Davalı, 2011 yılına ilişkin hizmet sözleşmesinin tarafınca imzalanmadığını M..Ç.. verilen vekalet içeriğinde de borçlandırı işlem yapma yetkisinin olmadığını ayrıca mevcut sözleşmeler nedeni ile şirket tüzel kişiliğine sorumluluk yüklenebileceğini savunarak davanın reddini dilemiştir.
Mahkemece, davanın kabulü ile, İzmir 19. İcra Müdürlüğü’nün 2012/3421 E sayılı takip dosyasına davalının yapmış olduğu itirazın iptaline takibin devamına, icra inkar tazminatı talebinin ise reddine karar verilmiş , hüküm davalı yanca temyiz olunmuştur.
1-Dosyadaki yazılara, kararın dayandığı delillerle yasaya uygun gerektirici nedenlere ve özellikle delillerin takdirinde bir isabetsizlik bulunmamasına davalının aşağıdaki bendin kapsamı dışında kalan sair temyiz itirazlarının reddi gerekir.
2- Davacı eldeki davası ile, davalının temsilcisi olduğu şirkete verdiği hizmet nedeni ile hak ettiği ücretin tahsili için başlattığı takibe vaki itirazın iptalini istemiştir. Davalı davanın reddini savunmuştur.
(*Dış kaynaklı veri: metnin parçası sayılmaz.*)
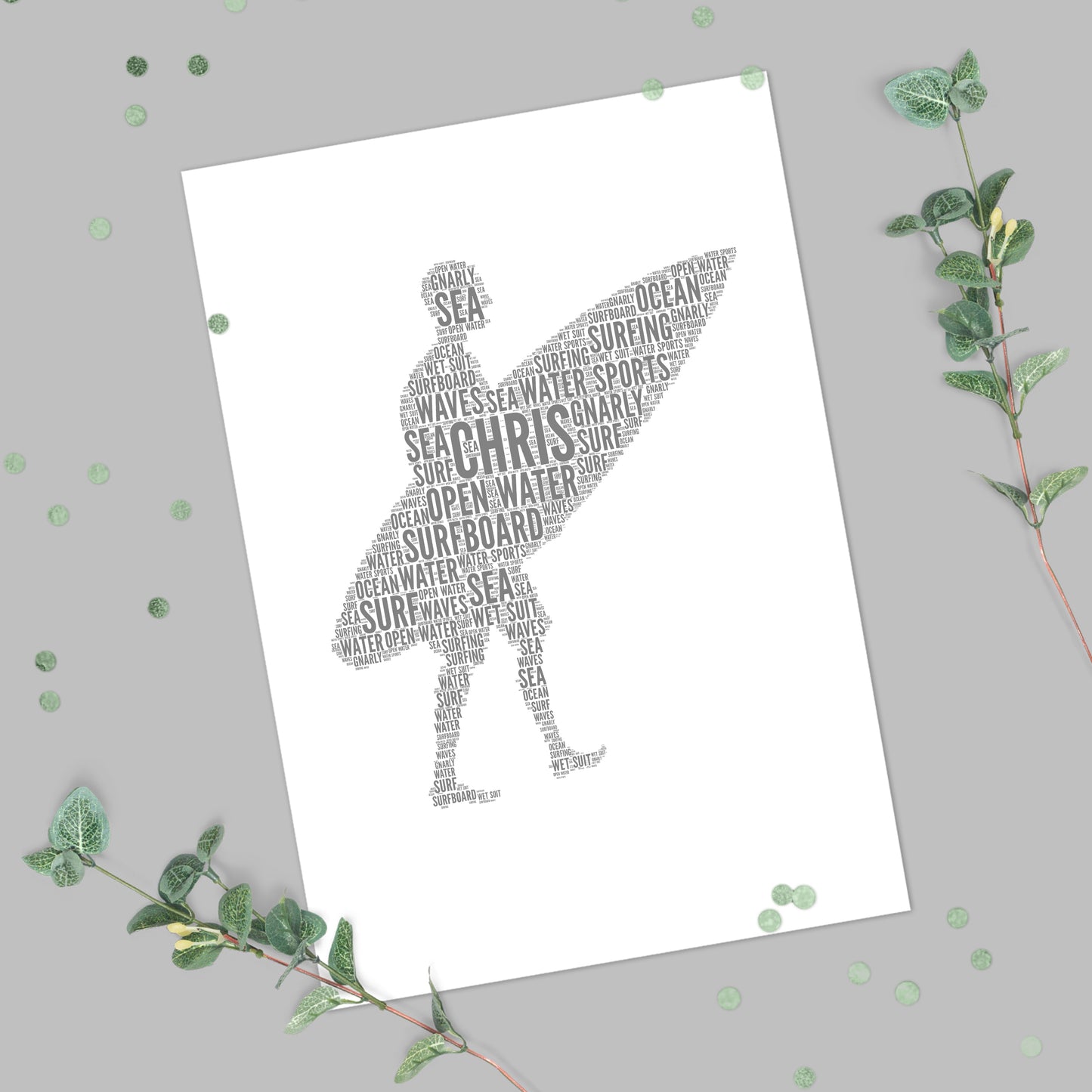 Personalised Surfer Word Art Print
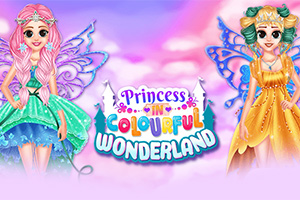 Två tecknade prinsessor med färgglada fjärilsvingar står framför en rosa och lila bakgrund med texten Princess in Colourful Wonderland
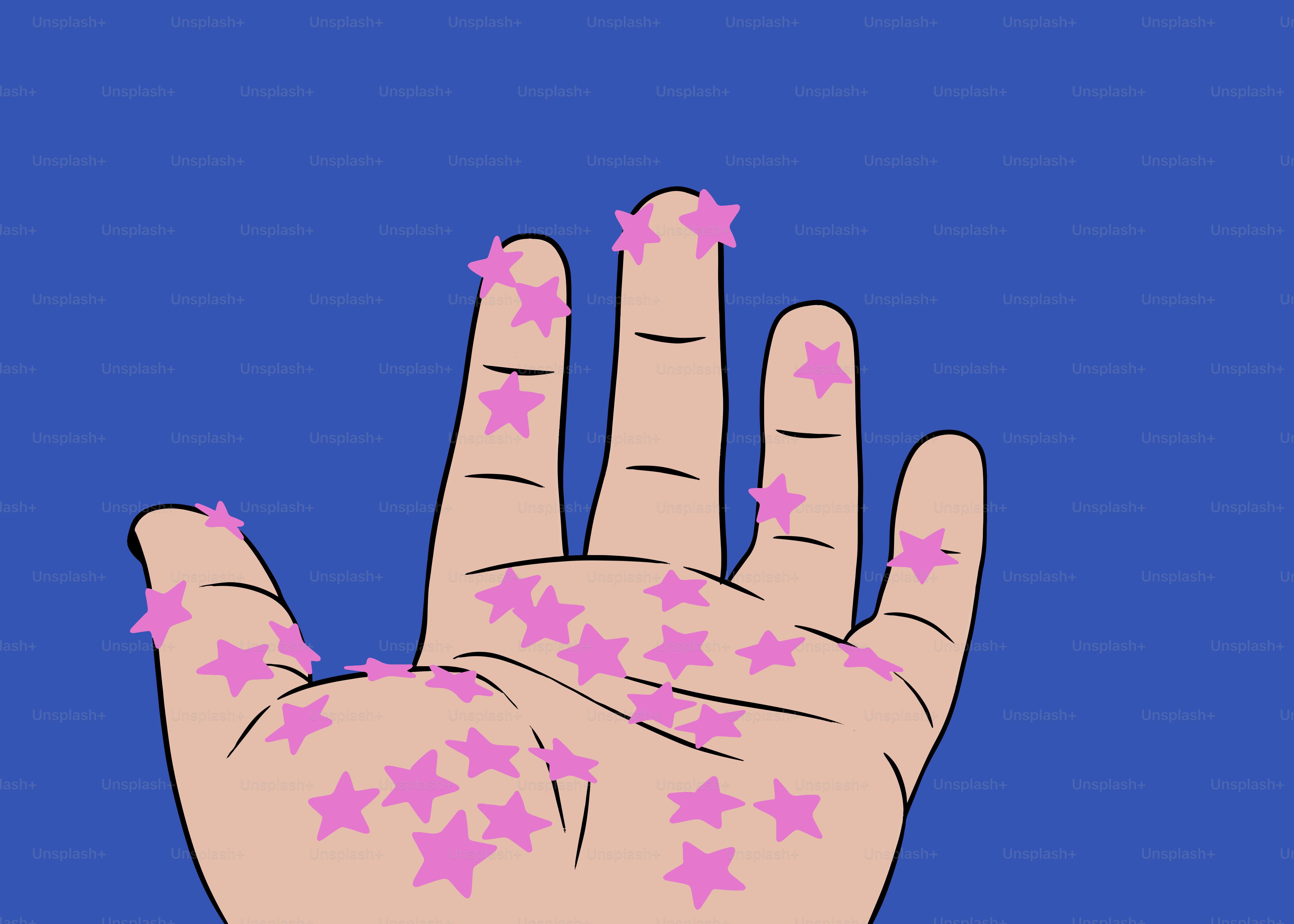 A hand with pink stars painted on it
Mahkemece 2010 ve 2011 yıllarına ilişkin sözleşme kapsamında hesaplanan ücretin davalıdan tahsili gerektiği kanaati ile davanın kabulüne karar verilmiştir. Her iki sözleşmenin de 7. maddesinde iş sahibinin şirket olması durumunda şirket yetkilisinin de sözleşmeden doğan borçtan ötürü müteselsilen ve müştereken borçlu olduğu düzenlenmiştir. Ne var ki 2010 yılına ilişkin sözleşme bizzat davalı yanca imzalanmış ise de 2011 yılı sözleşmesi dava dışı M..Ç.. tarafından imzalanmıştır. Davalı tarafından 07.06.2006 da Beykoz 1. Noterlğince düzenlenen ve dava dışı M.. Ç..’a verilen bu vekaletin incelenmesinde ise, vekile davalı adına muhasebe sözleşmesi imzalayabilme yetkisi verildiğine dair bir hüküm düzenlenmediği anlaşılmıştır. Bu durumda, Mahkemece 2011 yılı muhasebe ücretinden davalının sorumlu tutulamayacağı hususu gözden kaçırılarak yazılı şekilde davanın tümden kabulü yönünde hüküm tesisi usul ve yasaya aykırı olup bozma sebebidir.
SONUÇ: Yukarıda gösterilen nedenlerle davalının sair temyiz itirazlarının reddine,ikinci bentte gösterilen nedenlerle hükmün davalı yararına BOZULMASINA, peşin alınan harcın istek halinde iadesine, HUMK’nun 440/1 maddesi uyarınca tebliğden itibaren 15 gün içerisinde karar düzeltme yolu açık olmak üzere, 14.04.2014 gününde oybirliğiyle karar verildi.